On Oct 26, 2007, at 8:22 PM, Ron Baalke wrote:

>
> http://www.inlander.com/topstory/289061378211793.php
>
> METEOR RIGHTS
> by JACK NESBET
> The Pacific Northwest Inlander
> June 6, 2007
>
> In the fall of 1902, Willamette Valley farmer Ellis Hughes, "a humble,
> intelligent Welshman," (according to Scientific American), was cutting
> wood near the present town of West Linn when lunchtime came. "I sat
> down
> on the rock," Hughes later recalled. "It was about 1 1/2 feet above
> the
> ground and very flat." His work partner, Bill Dale, stared at the
> picnic
> bench and realized it was no ordinary stone.
>
> "Hughes," asked Dale, "Have you seen this rock before?"
>
> "Yes," answered Hughes. "I saw it yesterday." Then he picked up a
> large
> white stone and began to hammer on the rock. It rang like a bell.
>
> "Hughes," Dale said. "I'll bet it is a meteor."
>
> Thus begins one version of the Willamette Meteorite story. In
> another it
> turns out that Hughes had spent time working in the Australian mining
> industry and Dale was a wandering prospector; together they had been
> combing the Willamette Valley for mineral wealth.
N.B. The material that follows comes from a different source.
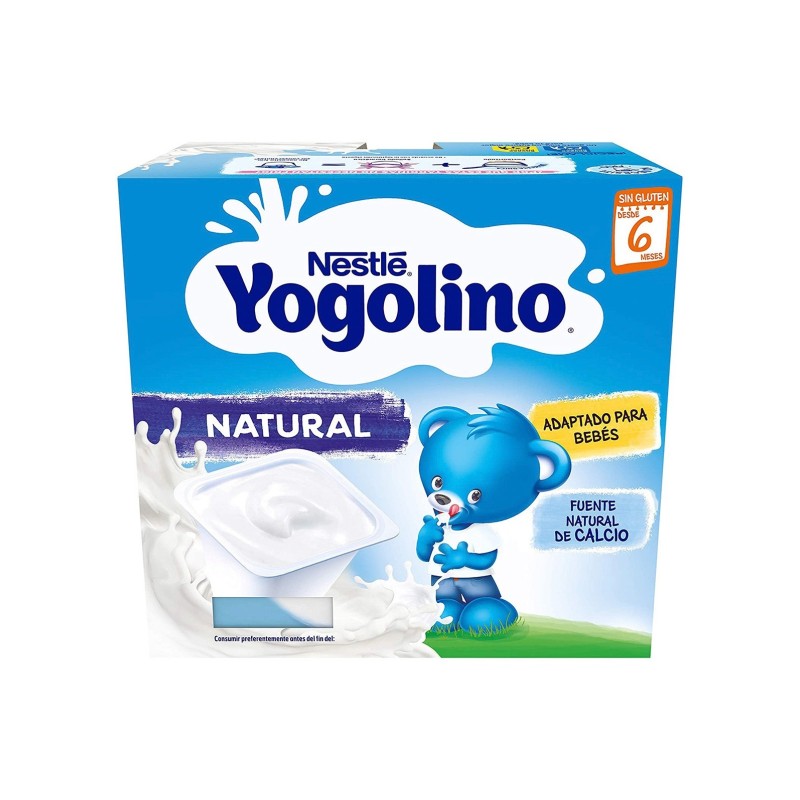 Nestlé Yogolino Natural S/Azúcar 4X100 G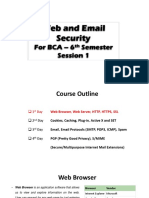 Web and Email Security: For BCA - 6 Semester Session 1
One day Hughes had
> noticed the flat rough stone, deeply buried in the ground and
> obviously
> different from any rocks around it. The next day he specifically
> brought
> his partner out to have a look. After ringing it with the white stone,
> the pair realized they had found something out of the ordinary and
> retired to Hughes's farmhouse to parlay about its possibilities. Local
> lore says that it was Mrs. Hughes who insisted that the only way to
> capitalize on the find was to bring it home in one piece.
>
> The meteor lay on rugged, forested land already claimed by a business
> named in various accounts as the Oregon Iron and Steel Company, Oregon
> Steel and Wire, or the Portland Land Company. Bill Dale mysteriously
> disappeared from the scene, and Ellis Hughes remained very quiet about
> his discovery, but his plans went deep. After blazing a road about 800
> feet in a blind direction so that no neighbors would catch on to his
> game, he spent several months cutting a direct path between his house
> and the rock. Next the resourceful Hughes constructed "an ingenious
> car
> with log body-timbers and sections of tree trunks as wheels."
>
> In the summer of 1903, with only his 15-year-old son and a horse for
> assistants, Ellis Hughes began an odyssey of practical engineering.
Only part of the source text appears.